John Christie, the founder of Glyndebourne Opera Festival, was born here in 1882. Three years later, Thomas Hardy came to Eggesford, and left a description in one of his letters to his wife, dated 13 March 1885:

My Dearest Em

I arrived at Eggesford Station a little after 4, and found there Lord Portsmouth's brougham waiting to take me up to the house, so there was no trouble at all. The scenery here is lovely and the house very handsome, which is on a hill in the park. I have had tea with Lady Portsmouth and the ladies-the only members of the family at home-Lord Portsmouth not having returned from the hunting yet (6 p.m.). The young ladies are very attractive, and interested in what I tell them-Lady Portsmouth charges them to take care of me-and goes away to her parish people, etc. altogether a delightful household. There are ladies here too, visiting, but of course I have only had a glimpse as yet. They sympathize with you – and Lady Portsmouth says you MUST come when you are well. I am now in the library writing this. I should say that a married daughter, Lady Rosamond Christie, I think she is, who is here, strikes me as a particularlarly sensible woman. If Lady Portsmouth's orders are to be carried out my room will be like a furnace – she is so particularly anxious that I should not take cold, etc. The drawing room is lined with oak panels from a monastery. When I arrived the schoolchildren were practisising singing in the hall, for Sunday in Church
In haste (as you will believe)
yours ever
Tom

==Church monuments==
There are several memorial monuments in the church, including two particularly fine ones of the Chichester family which include very high quality alabaster effigies, namely monuments to:
- Edward Chichester, 1st Viscount Chichester (1568–1648) and his wife Anne Copleston (1588–1616), heiress of Eggesford, against the north wall of the north aisle.

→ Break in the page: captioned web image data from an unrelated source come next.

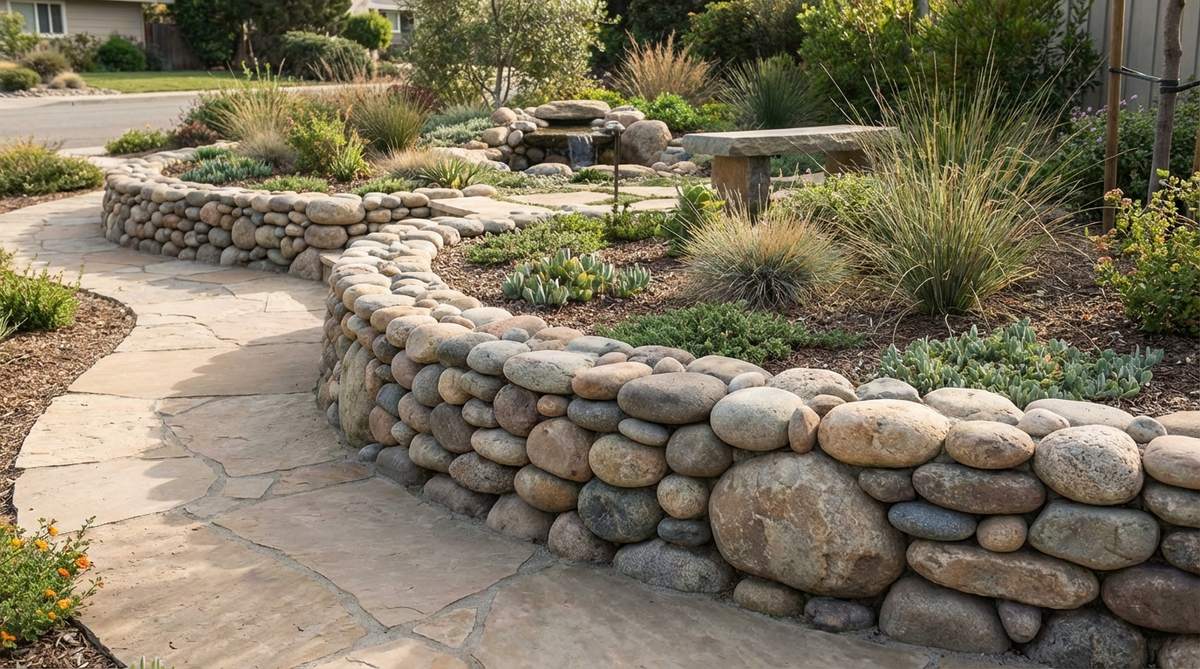 A decorative low garden wall constructed with smooth, rounded river rocks in graduating sizes, creating naturally flowing curves. The polished stones are arranged with smaller stones filling voids between larger ones, forming a soft boundary under 24 inches tall, ideal for coastal gardens, water features, or pathway edging.
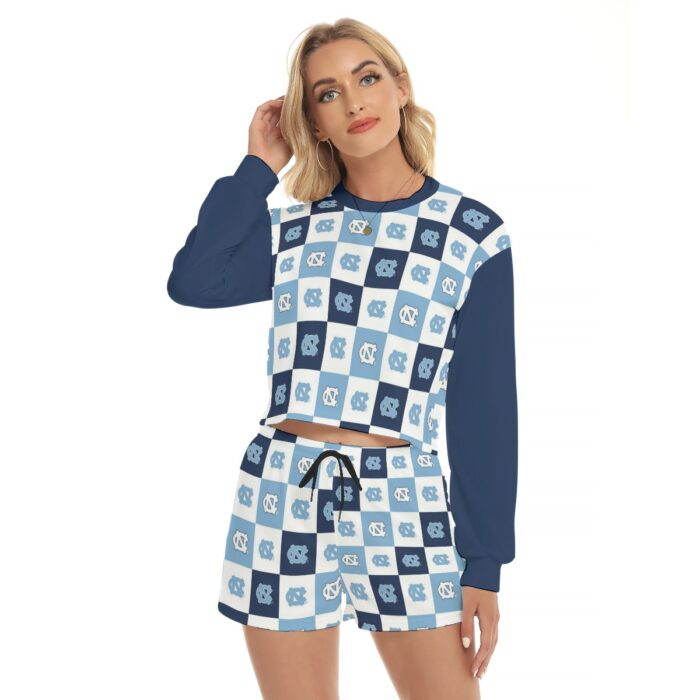 North Carolina at Chapel Hill Tar Heels Women's Short Sweatshirt And Pants Suit - Image 1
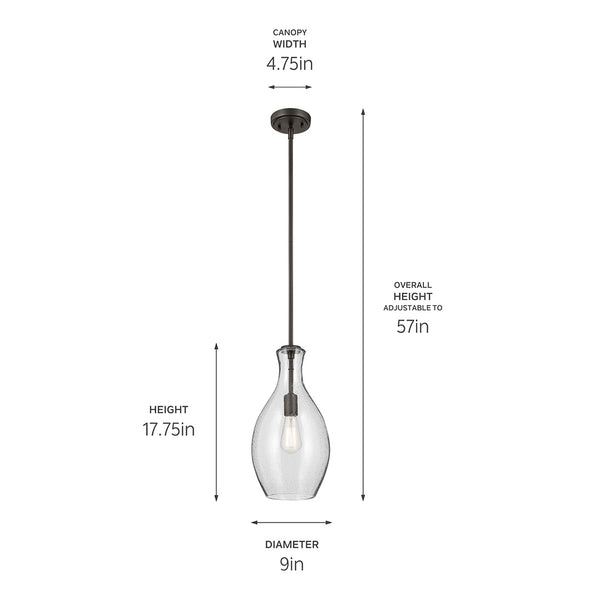 Vance 9" One Light Pendant, Clear Seeded Glass / Olde Bronze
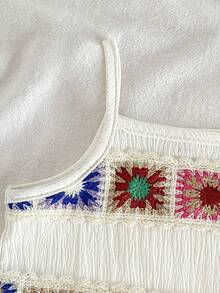 SHEIN Vintaside Kids 两件套女婴套装，包括一件钩针花卉图案背心和一条舒适长裤，优雅的韩欧风格，百搭实用，是新款夏季时尚童装，适合婴幼儿、女童，也适合外出、节日、派对、度假等场合。 - 杏色 - 查看 5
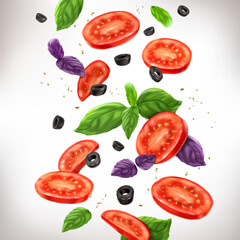 Tomato slices, olives, basil illustration. Assorted composition isolated on white background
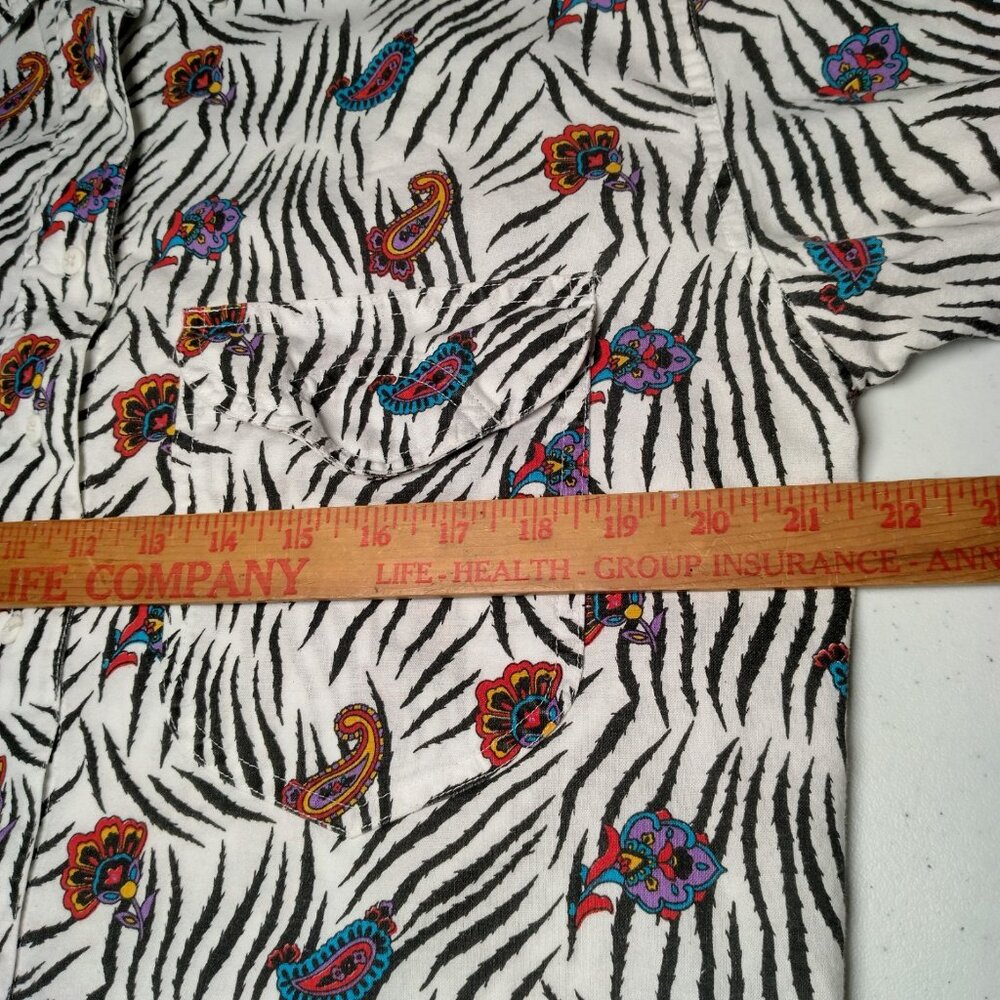 Vintage 1980s Khazana Blouse Shirt Medium Zebra Print Paisley Safari Short Slv - Picture 4 of 13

On a tablet above to the right is inscribed a memorial to Anne's parents John Copleston Esq., (died 1606) and his wife Dorothy Biston (d.29 July 1601).
- Arthur Chichester, 1st Earl of Donegall (1606–1674) and his two wives, the eldest son of Edward Chichester, 1st Viscount Chichester, an exceptionally fine and ornate monument, situated against the south wall of the nave, directly opposite the entrance to the church via the north porch. This monument was originally sited within the ancient stone arch separating the chancel from the Chichester Chapel in the north aisle.